神戸大学、東京都市大学、京都大学の研究グループは、世界規模の調査データを分析し、社会・個人指標により、人々の環境保全に対する多様な価値観の体系的な説明に成功。社会の問題解決により生態系に対する価値が向上することが分かった。
経済活動に起因して気候変動や大気汚染がもたらす環境変化は社会に被害を与える。被害量は「ライフサイクル影響評価(LCIA)」と呼ばれる手法で推定される。今回、この手法で推定した現在の被害量をベースラインとし、被害軽減の社会的重要度を経済評価手法により推定する日本開発の高精度・網羅的な「LIMEモデル」を用い、世界19ヵ国に居住する成人男女6,000名以上の大規模同時調査データを分析した。

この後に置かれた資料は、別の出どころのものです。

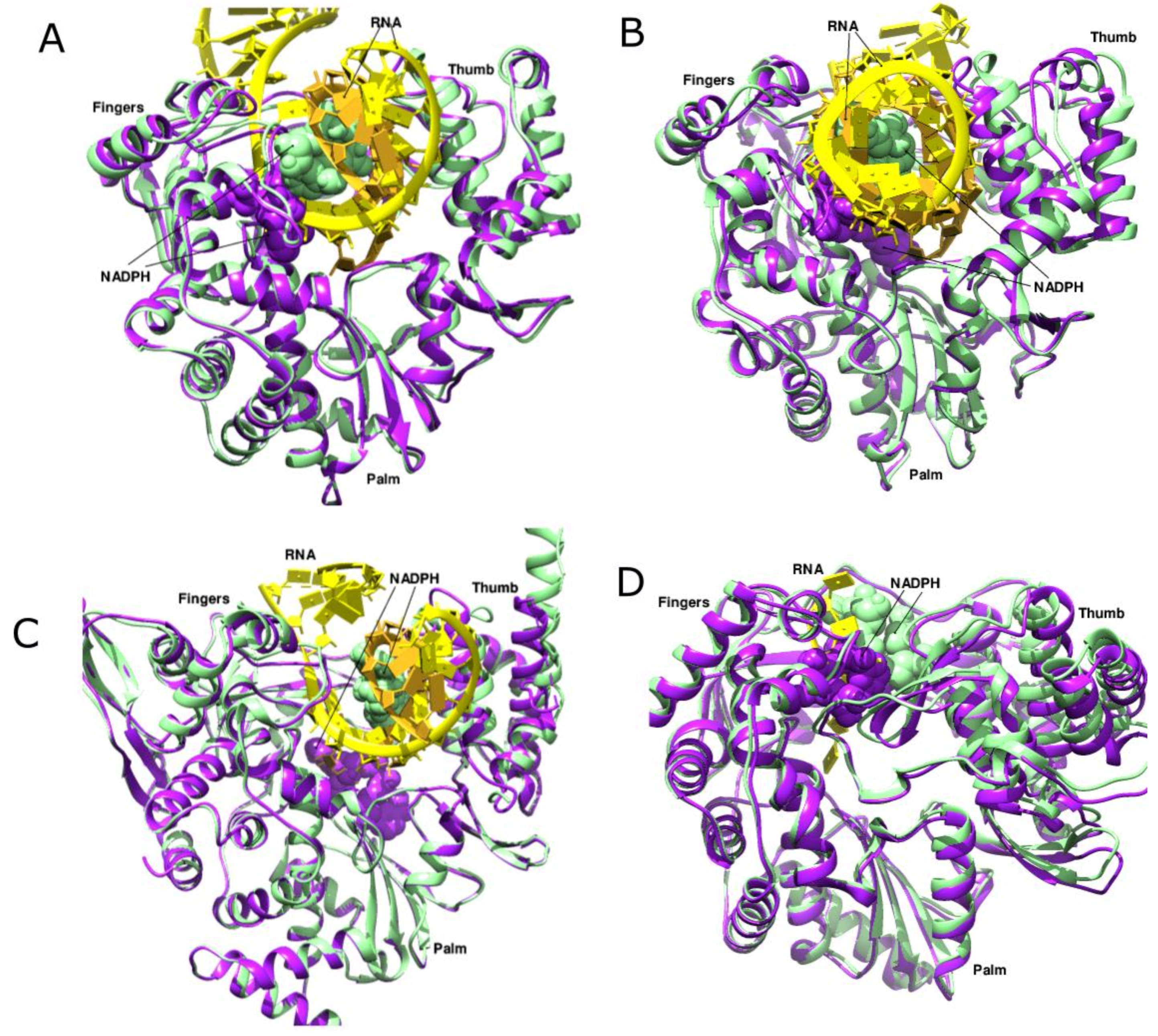 Viruses 14 02200 g013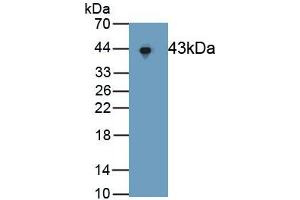 Detection of Recombinant ERK2, Human using Polyclonal Antibody to Extracellular Signal Regulated Kinase 2 (ERK2) (ERK2 抗体  (AA 25-360))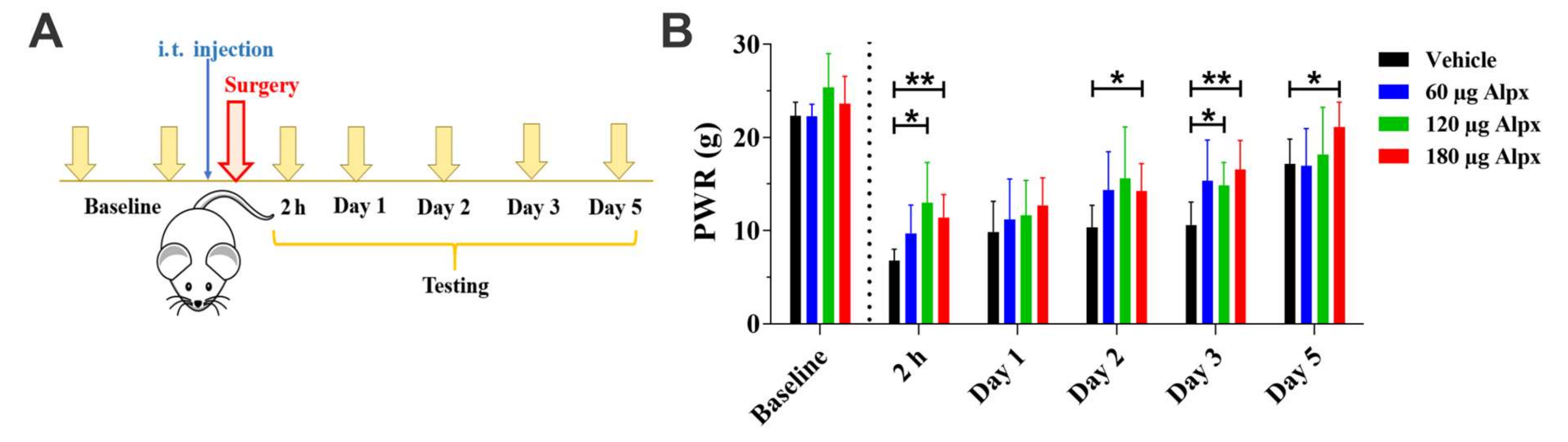 Cells 09 02674 g002 Cells 09 02674 g002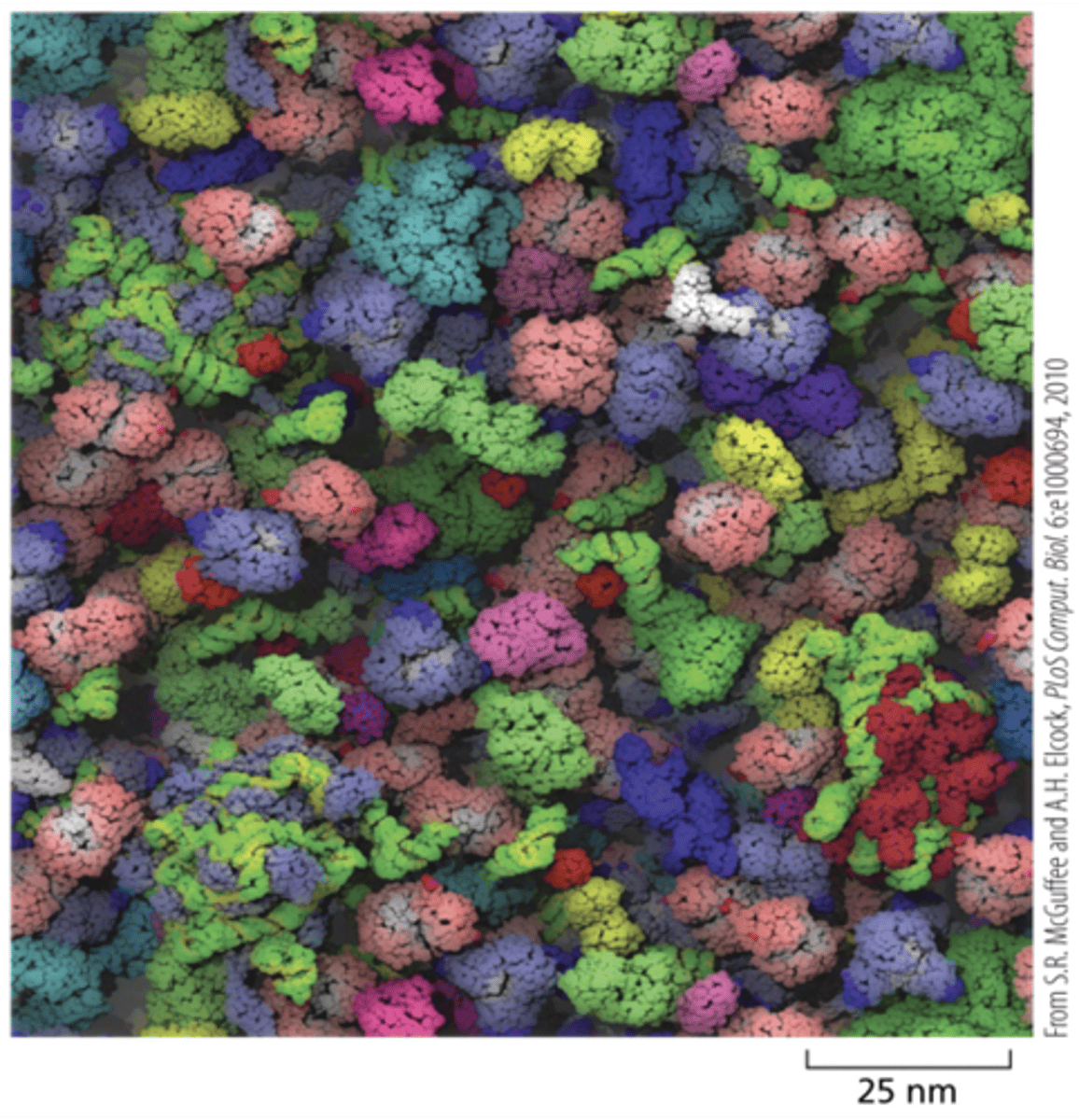 <p>RNAs, proteins, and ribosomes are shown in different colors</p>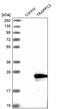 Trafficking Protein Particle Complex 3 antibody, PA5-55841, Invitrogen Antibodies, Western Blot image 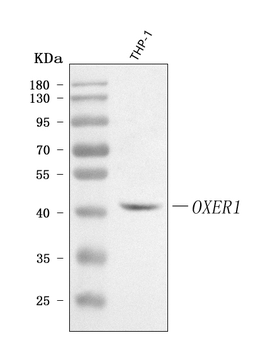 Anti-OXER1 Antibody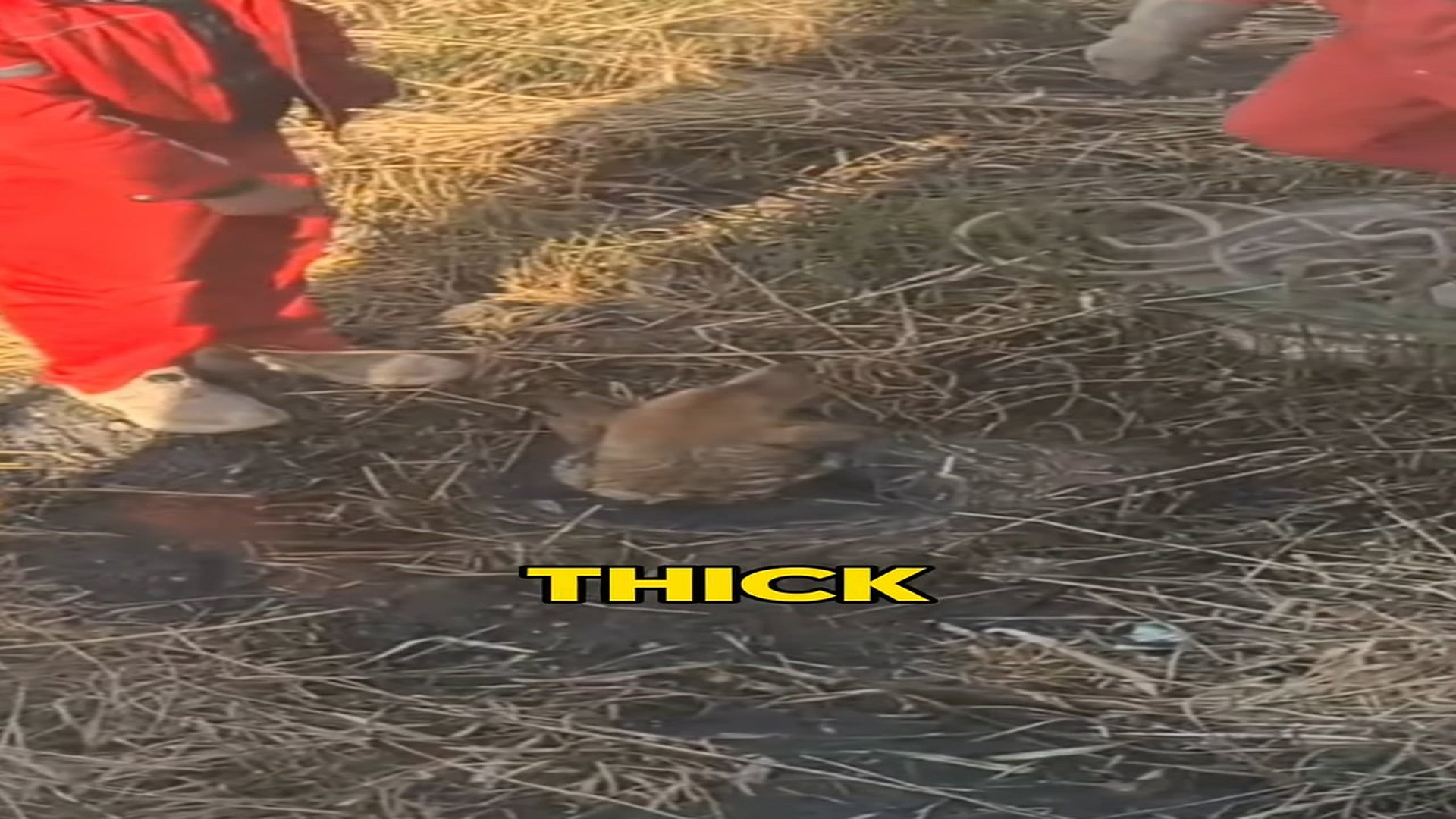 Full rescue video N1206024_A Dog Trapped in Deep Mud Was Saved at the Last Moment #RescueDog #Viral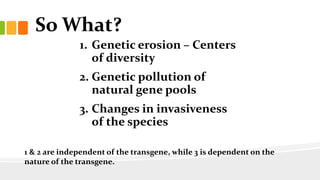 So What?
1. Genetic erosion – Centers
of diversity
2. Genetic pollution of
natural gene pools
3. Changes in invasiveness
of the species
1 & 2 are independent of the transgene, while 3 is dependent on the
nature of the transgene.
 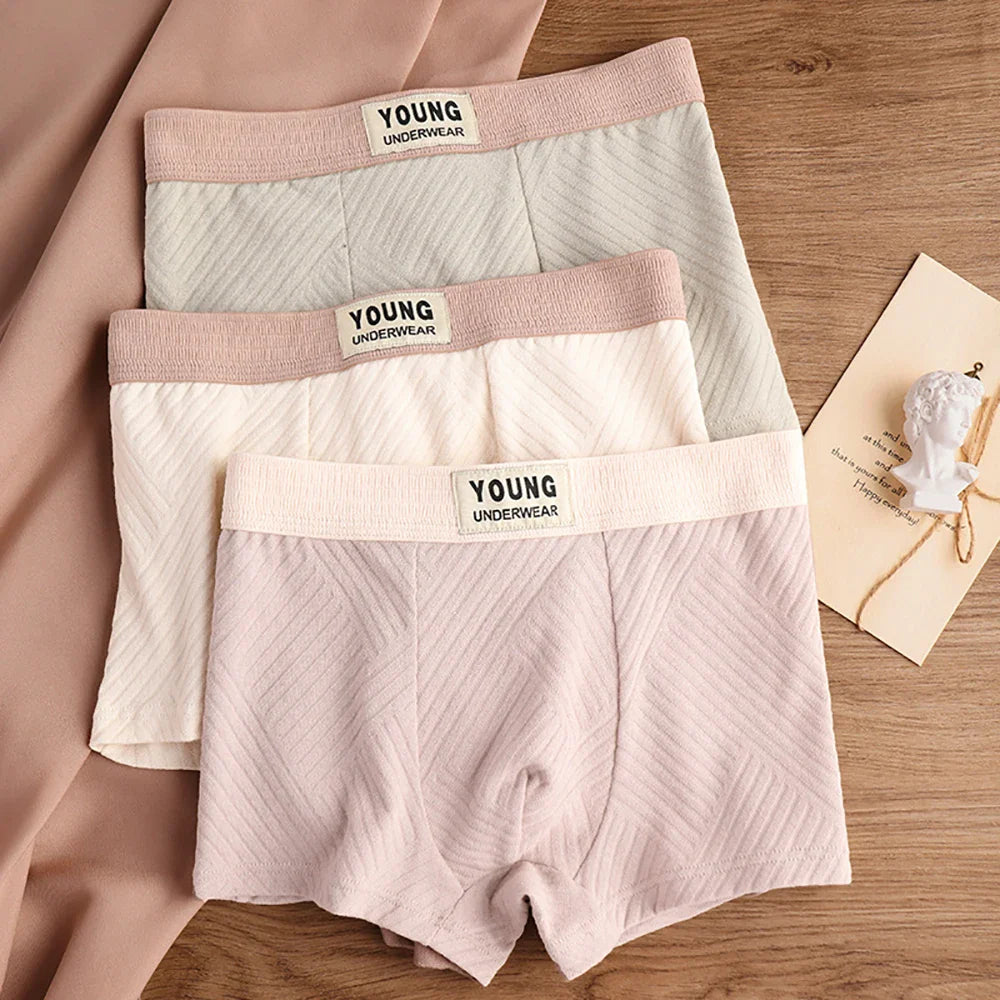 3 Antibacterial Cotton Men's Boxers
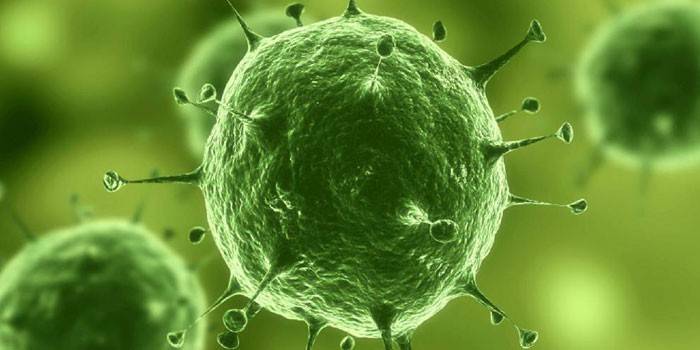 Mycoplasma hominis bacteria sob o microscópio
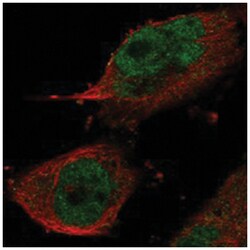 REXO1 Rabbit anti-Human, Polyclonal Antibody, Abnova 100&mu;L; Unlabeled:Antibodies,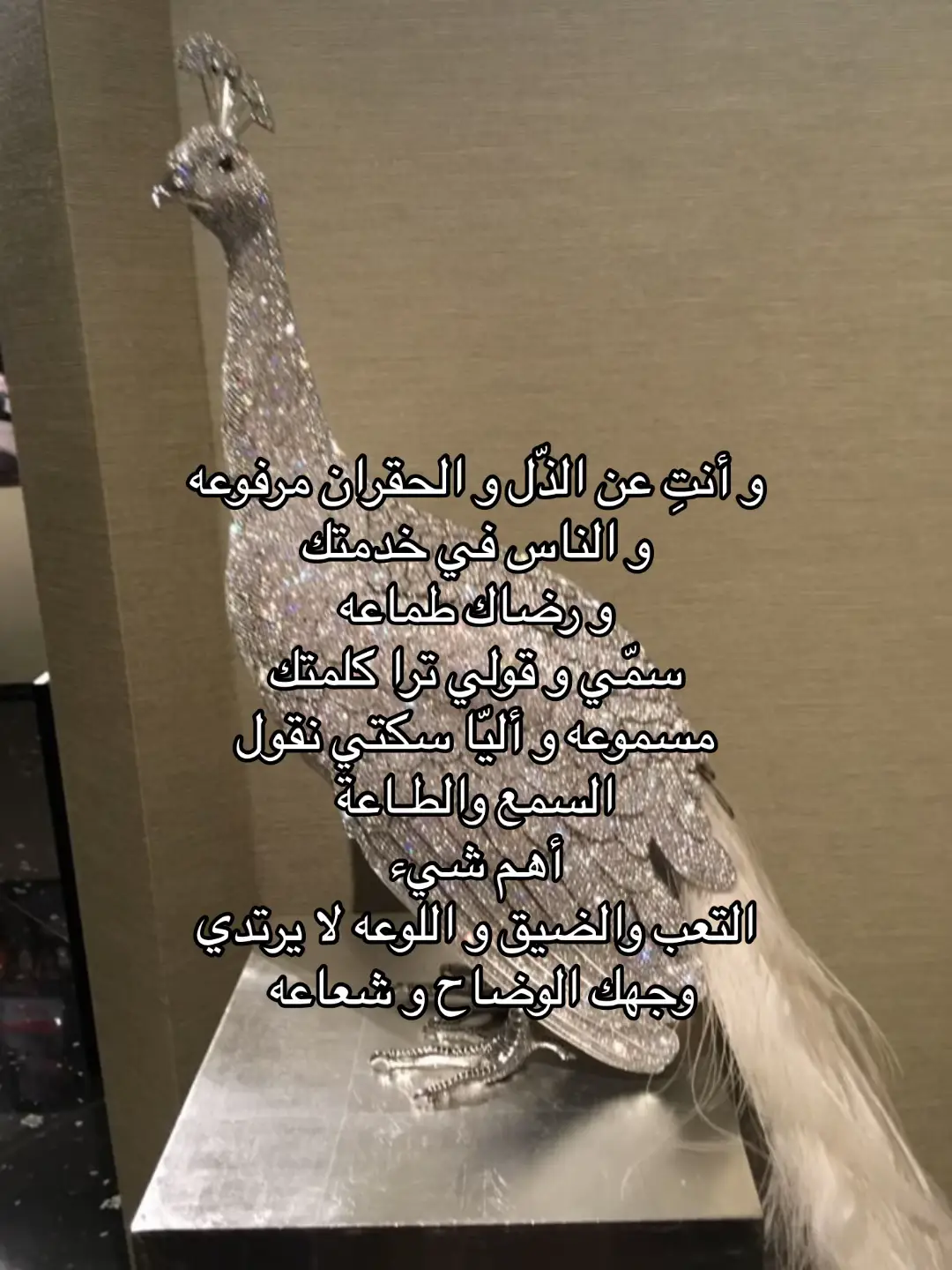 اللي لها لين اموت السمع والطـاعة #الهاشتاقات_للشيوخ #الهاشتاقات_للشيوخ #fypシ゚viral #fypシ゚viral #fypシ゚viral #أغنية #أغنية #أغنية #أغنية #fypシ゚viral #ضيدان_بن_قضعان #نرجسية #ديفا #ديفا #غرور #music #fypシ #fypシ #viral #4u #ديفا #likee #خالد_الفيصل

その結果、高所得国(GDP/人が1.6万ドル以上)では生物多様性を保全する対策が優先され、中所得国以下(同1.6万ドル未満)では人間健康を改善する政策が優先される傾向があった。
また、平均寿命が短い国や所得不平等度(ジニ係数)が大きい国では、生物多様性保全より人間の健康を優先する傾向があった。ただし、高所得国でも貧困・社会的弱者の場合は人間の健康を優先し、低所得国でも高所得層の場合は生物多様性の保全を優先する傾向があった。
さらに、居住国を問わず、個人の主観的幸福度や相対的所得水準が高いほど、あらゆる環境被害の軽減に対して支払ってもいい金額(支払意思額)が高い傾向があった。
国をまたぐ格差の問題、国内の不平等・幸福感の問題への取り組みは、効果的な環境政策の実装を後押しする。LIMEモデルにより、グローバルサプライチェーンを含む環境会計、炭素の社会的費用の推定、生物多様性保全活動の評価などへの発展が期待できるとしている。